Oil prices jumped on Monday due to escalating sanctions against Russia for its invasion of Ukraine, leading President Vladimir Putin to put his country’s nuclear deterrent on high alert.
Brent crude rose back above $100 a barrel, initially jumping more than $7, as the nuclear alert and bank payment constraints heightened fears that oil shipments from the world’s second-largest producer could be disrupted. Russia accounts for around 10% of the world’s oil supply.
As of 0228 GMT, Brent crude futures were up $3.95, or 4%, at $101.88, after hitting a high of $105.07 a barrel in early trading. Last week, the benchmark hit a more than seven-year high of $105.79 after Russia began its invasion of Ukraine.
The April Brent contract expires Monday.
U.S. West Texas Intermediate (WTI) crude futures rose $4.55, or 5%, to $96.14 a barrel, after hitting a high of $99.10 early in the day.
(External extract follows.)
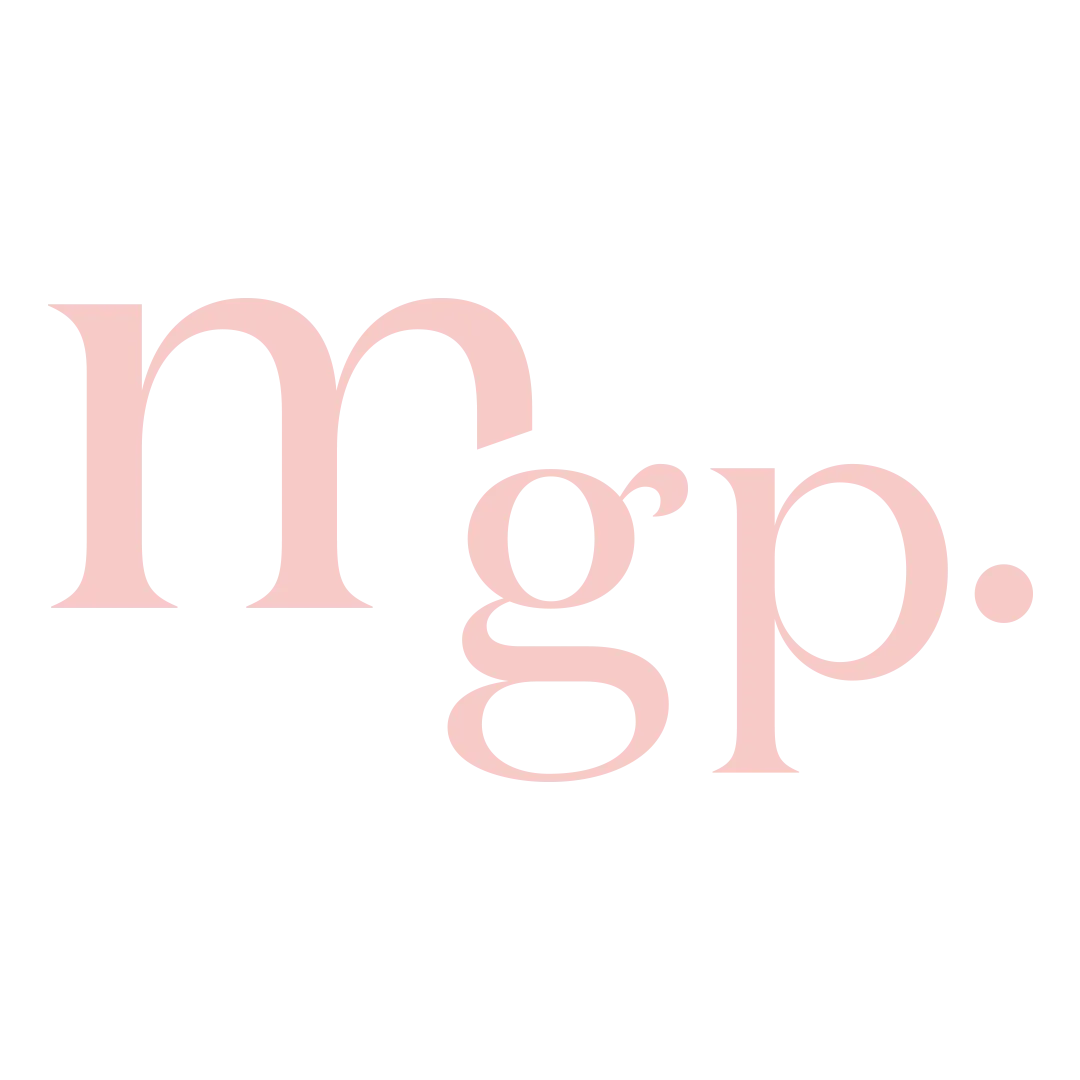 MGP Label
WTI climbed as high as $100.54 last week.
“The moves by the US and Europe to remove some Russian banks from the SWIFT system have raised fears of a near-term supply disruption,” said Daniel Hynes, commodities strategist at ANZ.
“The supply risk is the greatest we’ve seen in some time and it comes in a tight market,” he said.
Putin upped the ante on Sunday, ordering Russia’s ‘deterrent forces’ – which use nuclear weapons – to go on high alert, citing aggressive statements from NATO leaders and the range of economic sanctions imposed on Russia by the West. Russia calls its actions in Ukraine a “special operation”.
“President Putin’s decision to put Russian nuclear forces on high alert is a clear and worrying escalation that can only support oil prices,” said Stephen Brennock of oil broker PVM.
The escalation of the war came days before the March 2 meeting of the Organization of the Petroleum Exporting Countries (OPEC), Russia and its allies, collectively called OPEC+. The group is expected to stick to its plans of adding 400,000 barrels per day (bpd) of supply in April.
Ahead of the meeting, OPEC+ revised down its 2022 oil market surplus forecast by around 200,000 bpd to 1.1 million bpd, according to a technical committee report reviewed by Reuters on Sunday.
Further underscoring how tight the market is, the data also showed inventories in the developed world fell to 62 million barrels below the 2015-2019 average by the end of the year.
A separate report showed that OPEC+ in January produced 972,000 bpd below their agreed targets.
“With the market so tight, with OPEC producers also struggling to ramp up production, any Russian supply issues would be felt quite significantly across the broader market,” ANZ’s Hynes said.